++++ Information provided
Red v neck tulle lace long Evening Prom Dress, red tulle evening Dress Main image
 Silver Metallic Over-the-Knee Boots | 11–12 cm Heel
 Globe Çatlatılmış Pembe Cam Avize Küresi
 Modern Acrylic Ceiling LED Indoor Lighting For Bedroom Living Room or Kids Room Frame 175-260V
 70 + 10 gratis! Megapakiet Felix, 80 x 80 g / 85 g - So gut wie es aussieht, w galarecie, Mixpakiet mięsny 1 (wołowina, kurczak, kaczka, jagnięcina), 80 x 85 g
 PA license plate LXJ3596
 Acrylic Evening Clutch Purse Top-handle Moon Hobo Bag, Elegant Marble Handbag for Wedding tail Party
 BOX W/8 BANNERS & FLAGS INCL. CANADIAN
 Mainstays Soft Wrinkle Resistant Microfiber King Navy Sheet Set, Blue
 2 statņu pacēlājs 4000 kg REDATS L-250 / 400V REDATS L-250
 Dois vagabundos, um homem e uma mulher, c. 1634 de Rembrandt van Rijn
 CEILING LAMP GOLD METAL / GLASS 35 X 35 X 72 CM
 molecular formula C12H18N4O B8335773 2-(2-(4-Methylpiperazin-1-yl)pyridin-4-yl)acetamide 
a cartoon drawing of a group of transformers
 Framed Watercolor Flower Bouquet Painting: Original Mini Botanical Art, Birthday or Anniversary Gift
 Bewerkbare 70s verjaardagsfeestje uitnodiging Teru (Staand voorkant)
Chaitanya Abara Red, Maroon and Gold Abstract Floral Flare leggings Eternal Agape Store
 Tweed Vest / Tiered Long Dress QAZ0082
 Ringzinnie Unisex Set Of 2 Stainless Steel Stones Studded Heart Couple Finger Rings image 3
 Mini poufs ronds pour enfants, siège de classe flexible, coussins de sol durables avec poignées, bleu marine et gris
++++++++
The answer is a portion of the data. Write out exactly the line with "Chaitanya Abara Red, Maroon" and all lines after it.

Solved problem »
Chaitanya Abara Red, Maroon and Gold Abstract Floral Flare leggings Eternal Agape Store
 Tweed Vest / Tiered Long Dress QAZ0082
 Ringzinnie Unisex Set Of 2 Stainless Steel Stones Studded Heart Couple Finger Rings image 3
 Mini poufs ronds pour enfants, siège de classe flexible, coussins de sol durables avec poignées, bleu marine et gris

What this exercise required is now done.